### WORK TO COMPLETE
Print, exactly as written, every line from the first line of the records below through the line containing "Mercedes-Benz C-Class AMG", and nothing further.

### SUPPLIED MATERIAL
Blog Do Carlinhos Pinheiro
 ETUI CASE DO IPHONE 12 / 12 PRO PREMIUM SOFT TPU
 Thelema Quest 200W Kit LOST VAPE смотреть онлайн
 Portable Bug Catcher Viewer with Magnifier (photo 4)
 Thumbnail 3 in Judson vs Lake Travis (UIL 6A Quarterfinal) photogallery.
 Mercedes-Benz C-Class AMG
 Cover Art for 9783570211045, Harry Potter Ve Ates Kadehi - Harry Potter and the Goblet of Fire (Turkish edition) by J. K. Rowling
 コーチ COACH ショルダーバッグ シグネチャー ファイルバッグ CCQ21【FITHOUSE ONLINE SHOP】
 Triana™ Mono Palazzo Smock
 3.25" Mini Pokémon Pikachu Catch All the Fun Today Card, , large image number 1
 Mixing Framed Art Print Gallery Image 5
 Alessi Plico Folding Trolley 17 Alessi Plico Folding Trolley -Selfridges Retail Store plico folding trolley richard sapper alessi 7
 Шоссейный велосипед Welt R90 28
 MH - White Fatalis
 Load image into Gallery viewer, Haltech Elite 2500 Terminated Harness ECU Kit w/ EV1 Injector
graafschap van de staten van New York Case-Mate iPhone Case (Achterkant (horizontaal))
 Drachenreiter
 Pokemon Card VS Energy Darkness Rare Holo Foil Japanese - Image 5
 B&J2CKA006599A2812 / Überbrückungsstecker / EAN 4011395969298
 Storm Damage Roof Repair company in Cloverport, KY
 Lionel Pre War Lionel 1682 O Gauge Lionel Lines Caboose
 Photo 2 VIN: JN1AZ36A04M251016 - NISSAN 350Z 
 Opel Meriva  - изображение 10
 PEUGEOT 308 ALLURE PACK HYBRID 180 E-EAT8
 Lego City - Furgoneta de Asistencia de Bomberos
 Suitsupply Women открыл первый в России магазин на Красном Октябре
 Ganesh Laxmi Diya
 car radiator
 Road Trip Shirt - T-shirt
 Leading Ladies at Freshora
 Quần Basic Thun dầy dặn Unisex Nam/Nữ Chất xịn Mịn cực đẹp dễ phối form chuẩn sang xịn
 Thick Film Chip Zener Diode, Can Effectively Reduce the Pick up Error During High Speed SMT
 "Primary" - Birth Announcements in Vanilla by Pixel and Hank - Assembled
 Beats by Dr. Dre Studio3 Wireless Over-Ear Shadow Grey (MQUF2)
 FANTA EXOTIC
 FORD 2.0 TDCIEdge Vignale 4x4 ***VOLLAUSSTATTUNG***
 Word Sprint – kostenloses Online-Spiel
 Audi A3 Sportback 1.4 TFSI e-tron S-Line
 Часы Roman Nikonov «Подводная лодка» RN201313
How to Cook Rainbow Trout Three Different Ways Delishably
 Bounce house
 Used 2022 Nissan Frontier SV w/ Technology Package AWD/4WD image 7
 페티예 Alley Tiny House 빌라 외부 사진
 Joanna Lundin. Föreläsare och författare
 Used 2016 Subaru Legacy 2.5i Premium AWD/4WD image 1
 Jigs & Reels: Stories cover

### YOUR SOLUTION
Blog Do Carlinhos Pinheiro
 ETUI CASE DO IPHONE 12 / 12 PRO PREMIUM SOFT TPU
 Thelema Quest 200W Kit LOST VAPE смотреть онлайн
 Portable Bug Catcher Viewer with Magnifier (photo 4)
 Thumbnail 3 in Judson vs Lake Travis (UIL 6A Quarterfinal) photogallery.
 Mercedes-Benz C-Class AMG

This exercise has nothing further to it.